## [EXERCISE DETAILS]
Nothing but text lines should be duplicated: start with the first line of the listing below and stop after the line holding "Once that has", omitting pictures.
▬▬▬
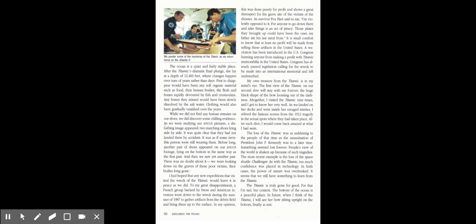The loss of the Titanic was as saddening to the people of that time as the assassination of President John F. Kennedy was to a later time. Something seemed lost forever. People's view of the world is shaken up because of such tragedies. The most recent example is the loss of the space shuttle Challenger. As with the Titanic, too much confidence was placed in technology. In both cases, the power of nature was overlooked. It seems that we still have something to learn from the Titanic.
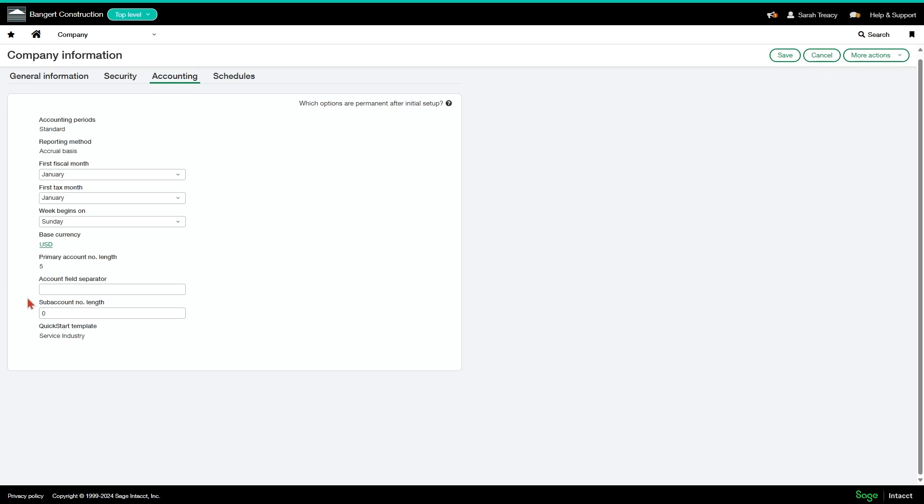Account field separator and sub account number length are just ways to extend out your numbers for GL accounts. You should be able to hopefully dimensionalize your data so that you don't need to use this. But if you feel that you have the need to use sub accounts, please do contact us.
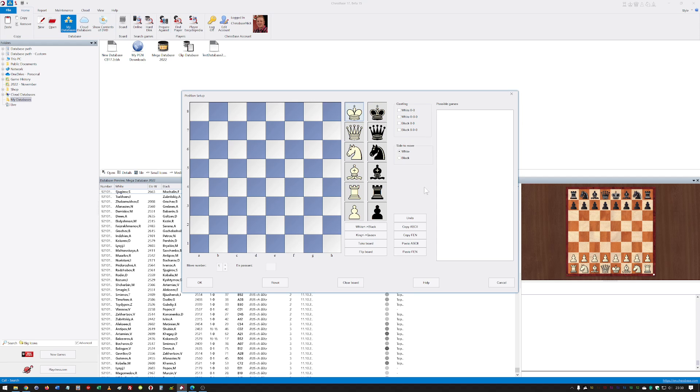The position setup is pretty familiar to most people. This is the search that Chessbase users have used for many years, but this one's interactive. Here it's got a new section called possible games.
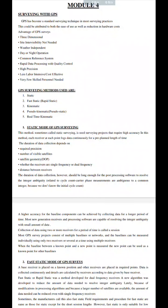Good morning, students. Next, we are going to talk about the methods of GPS surveying.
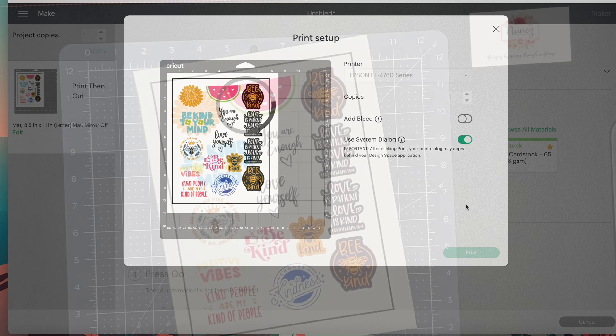Once that has printed, I add my laminating sheet. I trim it so that it just covers the inside square. And remember, this is optional.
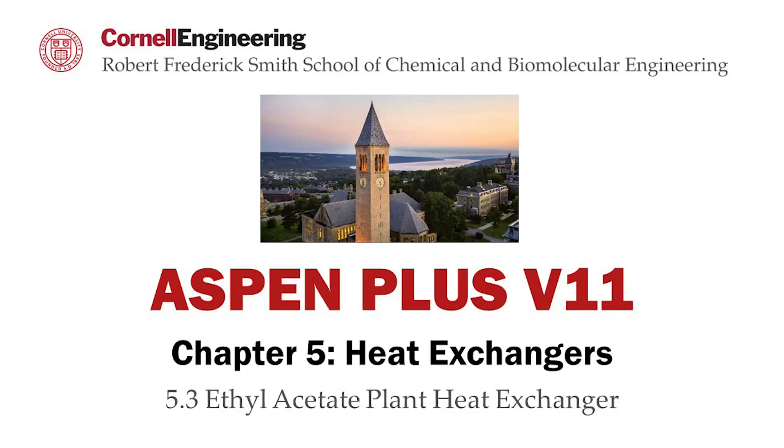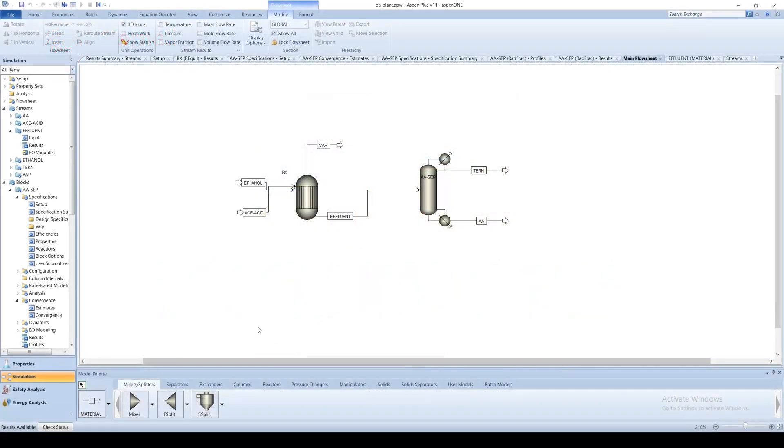This screencast will continue to add on to the ethyl acetate plant example from chapter 3.4. Recall that the reaction occurs at 55 degrees Celsius. Suppose we would like to preheat the feed streams to the reactor using heat exchangers.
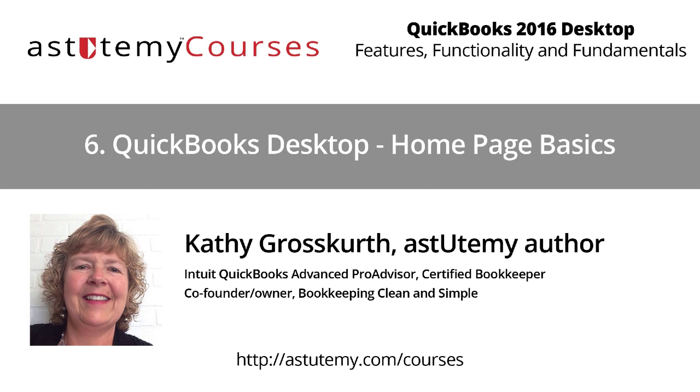Greetings, everyone, and welcome to this short tutorial on Homepage Basics in QuickBooks Desktop. Hi, I'm Kathy Grosskirth, and I'll be your facilitator for this short tutorial. I am a QuickBooks Pro Advisor at the advanced level in both desktop and online, and I'm also an Udemy author. Hope you enjoy this tutorial, so let's go ahead and get started.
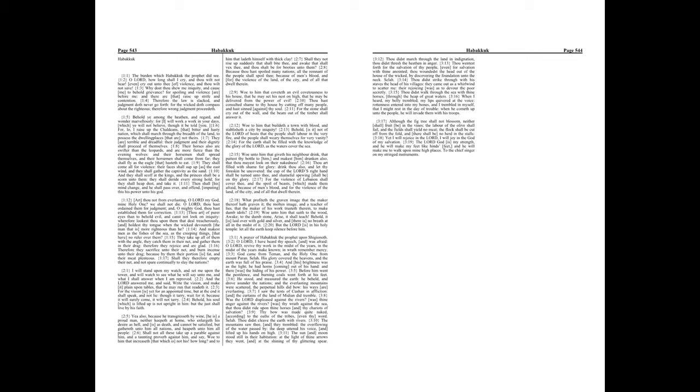Therefore they sacrifice unto their net, and burn incense unto their drag, because by them their portion is fat, and their meat plenteous. Shall they therefore empty their net, and not spare continually to slay the nations?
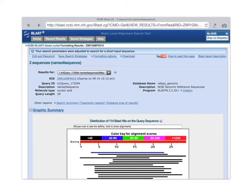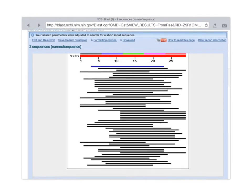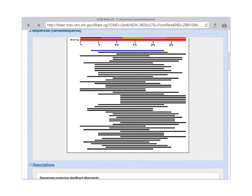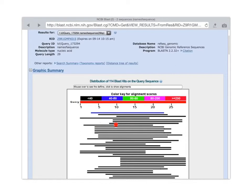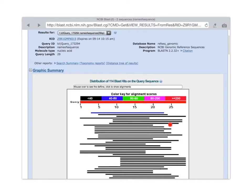And these colored lines down here represent a graphical representation of, for these 29 nucleotides that make up our query sequence, which part of those 29 nucleotides, with the key shown here, which part of those 29 nucleotides matched. Each one of these horizontal lines represents a sequence that's in the database that matches.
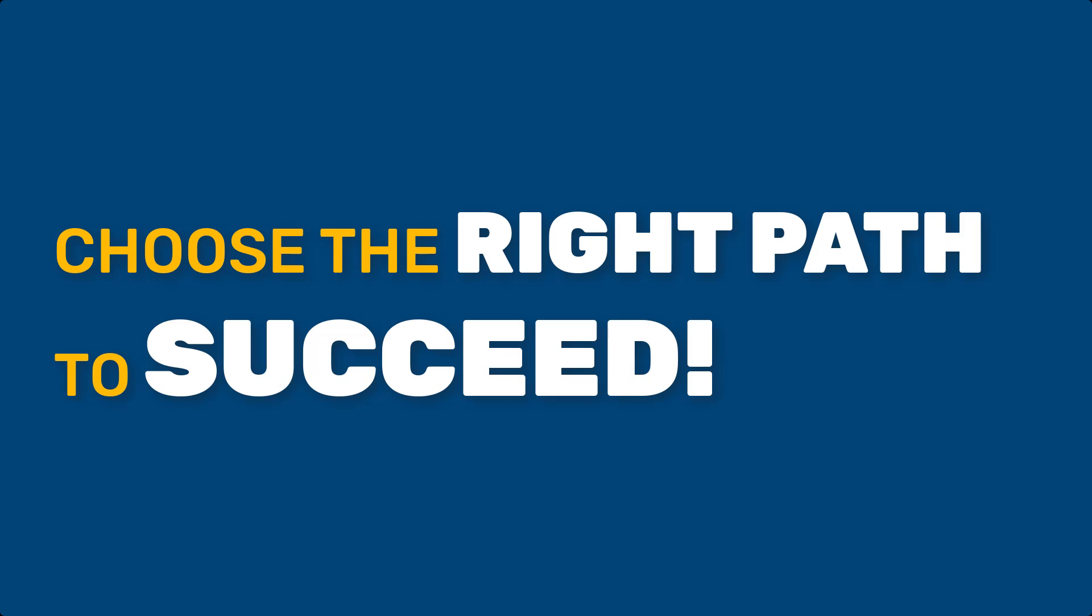Understanding these concepts is essential for effective project planning and execution. Whether you choose the critical path or critical chain approach, it's crucial to select the method that aligns best with your project's requirements and constraints.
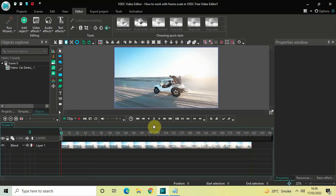So these were some of the options related to the frame scale, and this is how you can work with frame scale in VSTC free video editor. Do let me know your thoughts in the comments section below, like the video and subscribe to my YouTube channel. I will see you in the next video — till then, thanks for watching.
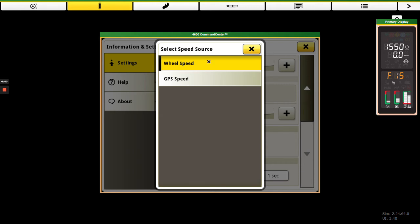And then if we really want to use wheel speed, if we know there's not going to be any wheel slip involved with the application we're using. So if we have dry field conditions, we would stick with that wheel speed and we'd switch it over to GPS speed if we're seeing a lot of wheel slip, and then obviously we could leave it on GPS if we don't have a radar.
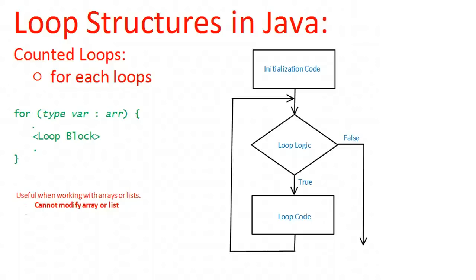Hello. In this video, we're going to look at another counted loop structure. It's called a for-each loop. Now, this loop structure is a for-loop.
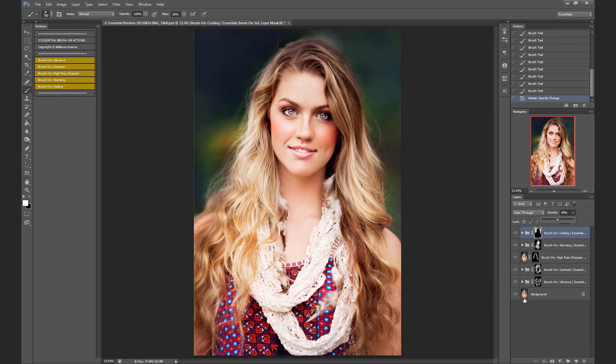And that's all there is to it. Let's look at the before and after. Before and after. So it's made a big difference with these five simple brushes, and that is how you use the set. You can get creative with it, and the beauty of it is that you have full control over where you're going to apply the effect as you brush it on your image. Thanks so much for joining me and I hope you enjoyed this tutorial.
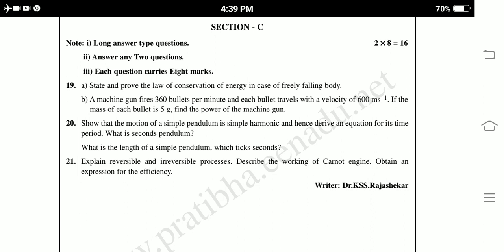Twentieth: Show that the motion of a simple pendulum is simple harmonic and derive the equation for its time period. What is a seconds pendulum? What is the length of a simple pendulum which ticks seconds? Twenty-first: Explain reversible and irreversible processes, describe the working of a Carnot engine, and obtain the expression for its efficiency. This is the model physics question paper for final exams.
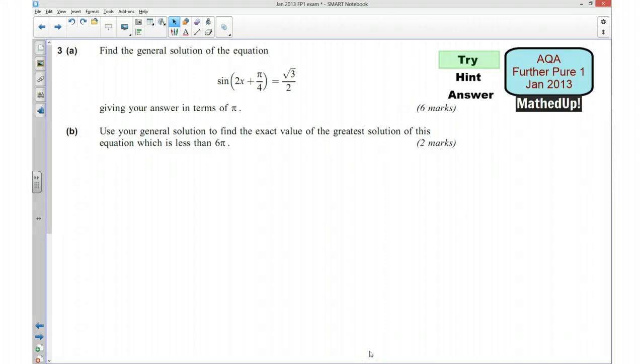Hi, this is question number 3 from the AQA Further Pure 4 January 2013 exam paper. What I'd like you to do for the first part of this video is see if you could try the question yourself. So if you'd like to pause the video now and have a go at the question.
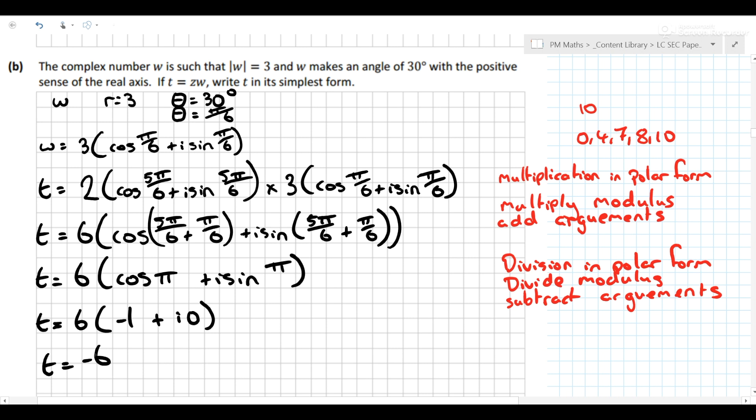The marking scheme for this part is 0, 4, 7, 8, 10. Really, really nice — I think it's a great start. The first two questions of 2017 are really accessible and quite nice.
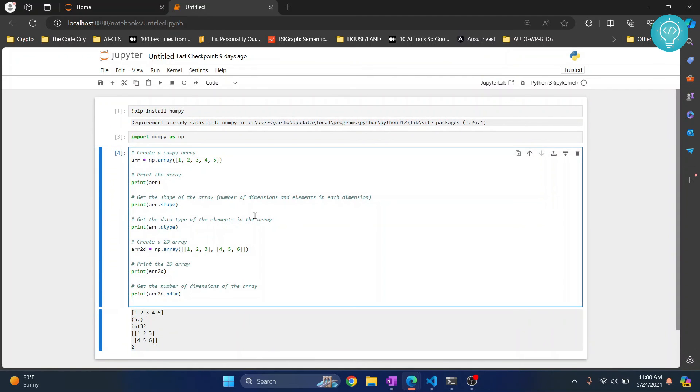So this is how you can install NumPy and use it in Jupyter Notebook. If you have any questions, let me know in the comments below.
▬▬▬
## [SOLUTION FOR THIS PROBLEM]
The loss of the Titanic was as saddening to the people of that time as the assassination of President John F. Kennedy was to a later time. Something seemed lost forever. People's view of the world is shaken up because of such tragedies. The most recent example is the loss of the space shuttle Challenger. As with the Titanic, too much confidence was placed in technology. In both cases, the power of nature was overlooked. It seems that we still have something to learn from the Titanic.
Account field separator and sub account number length are just ways to extend out your numbers for GL accounts. You should be able to hopefully dimensionalize your data so that you don't need to use this. But if you feel that you have the need to use sub accounts, please do contact us.
The position setup is pretty familiar to most people. This is the search that Chessbase users have used for many years, but this one's interactive. Here it's got a new section called possible games.
Good morning, students. Next, we are going to talk about the methods of GPS surveying.
Once that has printed, I add my laminating sheet. I trim it so that it just covers the inside square. And remember, this is optional.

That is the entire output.